About this exercise => Find the line with "HONDA GENUINE LID" in the data below. Repeat it and every line after it exactly, but not the pictures.

Short web captions:
+--

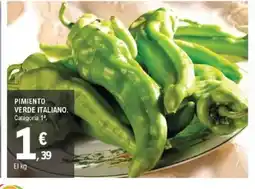 E.Leclerc Pimiento verde italiano oferta
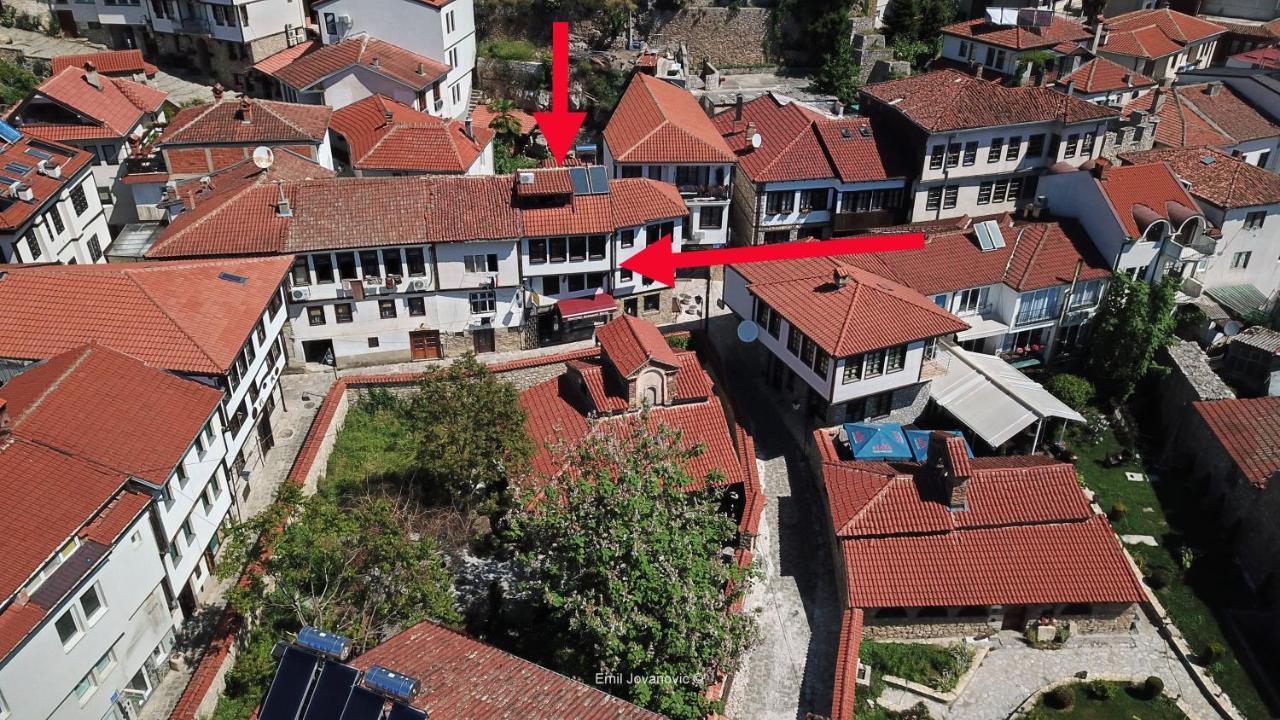 Villa Sapkar Lake View Οχρίδα Εξωτερικό φωτογραφία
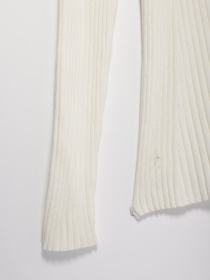 Водолазка H&M модель 0762796_білий Фото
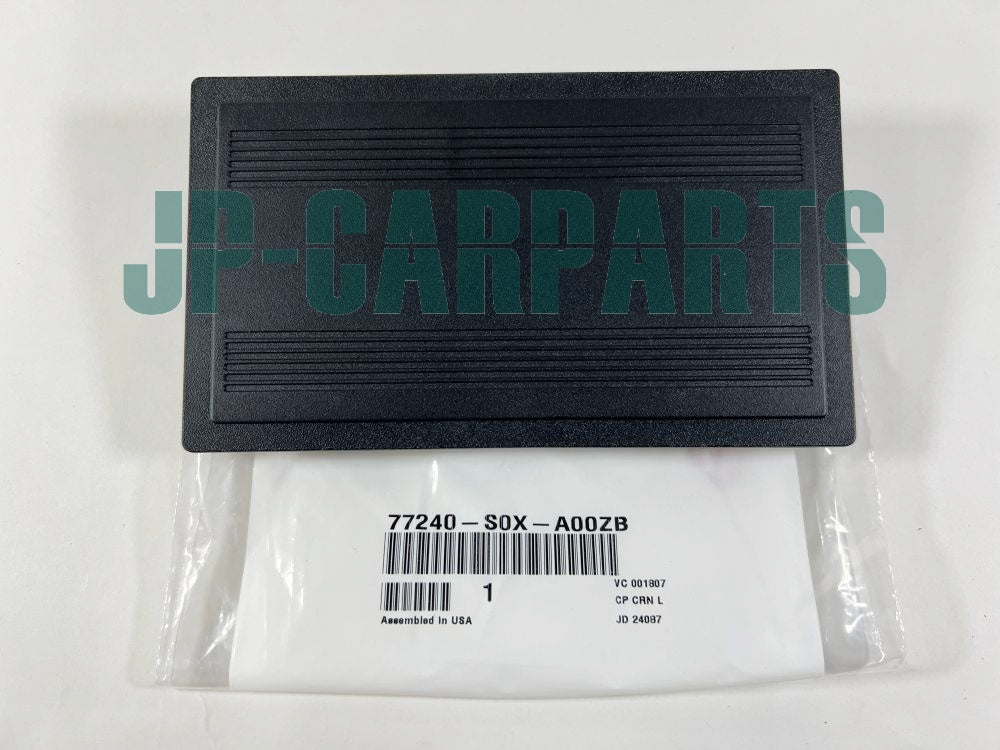 HONDA GENUINE LID ASSY AUDIO HOLE 77240-S0X-A00ZB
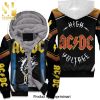 AC DC We Salute You Arsenal Best Outfit Unisex Fleece Hoodie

+--

Output for this exercise =>
 HONDA GENUINE LID ASSY AUDIO HOLE 77240-S0X-A00ZB
 AC DC We Salute You Arsenal Best Outfit Unisex Fleece Hoodie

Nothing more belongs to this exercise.